**TASK TO CARRY OUT**
From the data underneath, reproduce exactly the stretch that begins at the line with "918.com(�й���)�ٷ���վ" and ends after the line with "ビットコインがそろそろ大きく動くかもしれない".

**TASK INPUT**
::::::::

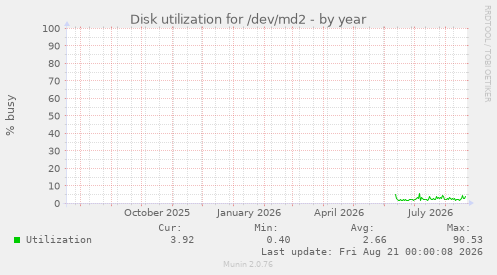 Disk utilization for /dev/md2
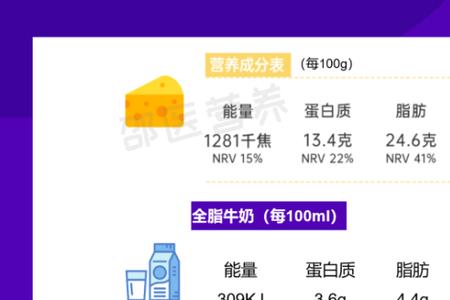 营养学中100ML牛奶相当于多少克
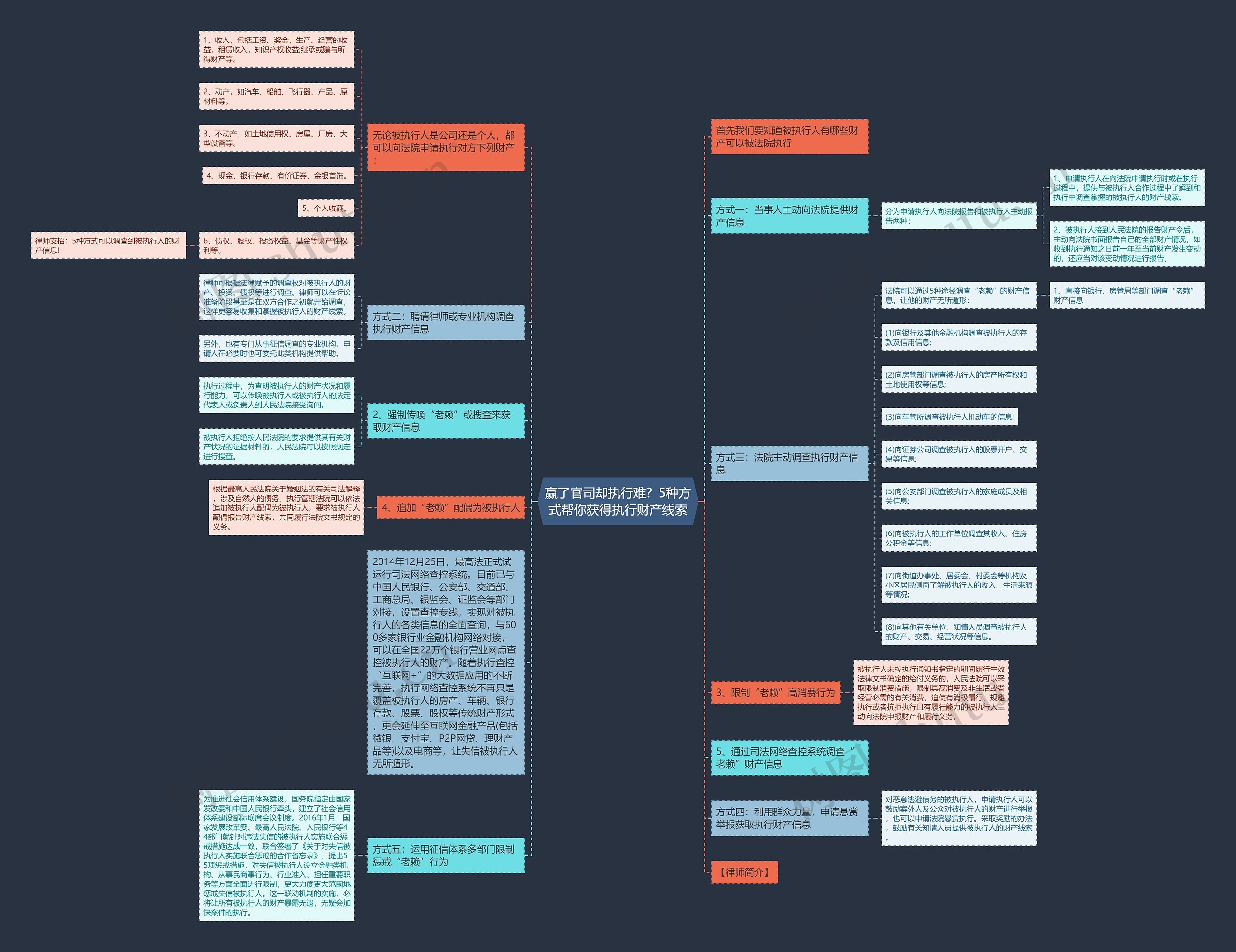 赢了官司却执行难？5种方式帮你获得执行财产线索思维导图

::::::::

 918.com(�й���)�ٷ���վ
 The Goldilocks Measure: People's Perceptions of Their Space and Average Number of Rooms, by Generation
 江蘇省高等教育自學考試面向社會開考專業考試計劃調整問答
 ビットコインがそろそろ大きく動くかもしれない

::::::::

**FINAL ANSWER**
 918.com(�й���)�ٷ���վ
 The Goldilocks Measure: People's Perceptions of Their Space and Average Number of Rooms, by Generation
 江蘇省高等教育自學考試面向社會開考專業考試計劃調整問答
 ビットコインがそろそろ大きく動くかもしれない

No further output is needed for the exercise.